Over-fitting is a lie.

Backgroud

I previously talked about predicting and decoding brain activity as recorded using fMRI. In that post I followed the tried and true approach of (1) extracting some features from the stimulus and (2) fitting a regularised linear regression from the features to brain activity. It works really well.

One of the reasons we use linear regression in these type of “encoding” studies is that there is not much data. For example in that study the training set had only about 7200 samples (which is quite a lot by fMRI community standards). The traditional thinking is that very rich models, such as deep neural nets (NNs) with millions of parameters, will disastrously over-fit in this type of situation, resulting in low performance. However, this traditional thinking may be out of date.

A recent paper uploaded to bioarxiv generated some discussion in our lab. It is a very thorough study looking at predicting brain activity using deep NNs with many interesting results. Among these results, the authors show that replacing the linear regression with a NN provides a substantial improvement over linear regression (see also here).

I think is pretty likely that with some effort and a lot of NN know-how an expert can improve on the performance of a linear model. But I figured that avoiding over-fitting in this situation is going to be really hard, and that an out of the box implementation would perform disastrously. So I thought I’d give it a go.

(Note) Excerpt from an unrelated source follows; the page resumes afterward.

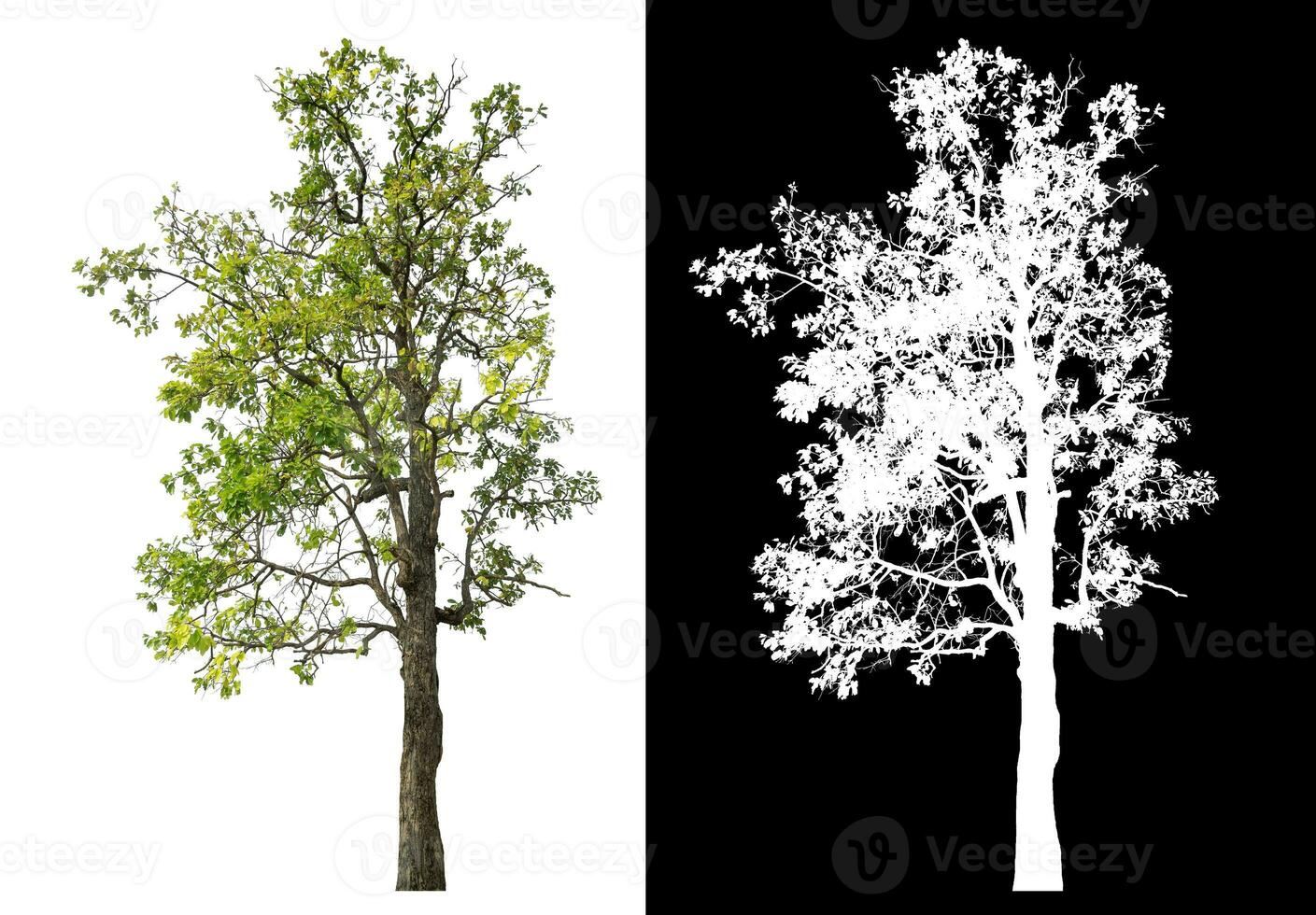 Isolated single green tree with clipping path and alpha channel on black background. photo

In this post I go through fitting a simple NN, though still with millions of parameters, to predict brain activity. I’ll use a vanilla NN paired with the same data I analyzed in my previous post. This way we will have a direct comparison with the linear model. A full notebook to reproduce this is up on my github.

Preparations

We will use the same data from last time. For convenience I put everything you’ll need here.

import numpy as np
import matplotlib.pyplot as plt
plt.rcParams["font.size"] = "20"

import tensorflow as tf
from tensorflow import keras
from tensorflow.keras import layers
from tensorflow.keras.callbacks import Callback
from tensorflow.keras import backend as K
#load the preproc data from before
with np.load("./data.npz") as f:
    print(f.files)
    voxel_test_data = f["voxel_test_data"]
    voxel_train_data = f["voxel_train_data"]
    ME_features_train_data = f["ME_features_train_data"]
    ME_features_test_data = f["ME_features_test_data"]
    linear_model_acc = f["linear_model_acc"]
  • voxel_train_data this is the brain activity data we will use to train the model
  • voxel_test_data this is the brain activity data we will use in the final test of the model
  • ME_features_train_data this is the ME feature data we will use to train the model. The feature vector consists of stacking together four consecutive delays (t-3 to t-6, see the original post for details)
  • ME_features_test_data this is the ME feature data we will use in the final test of the model
  • linear_model_acc this is the accuracy data for the linear model. This is calculated as the pearsons correlation between the model predictions and the test data (i.e. voxel_test_data)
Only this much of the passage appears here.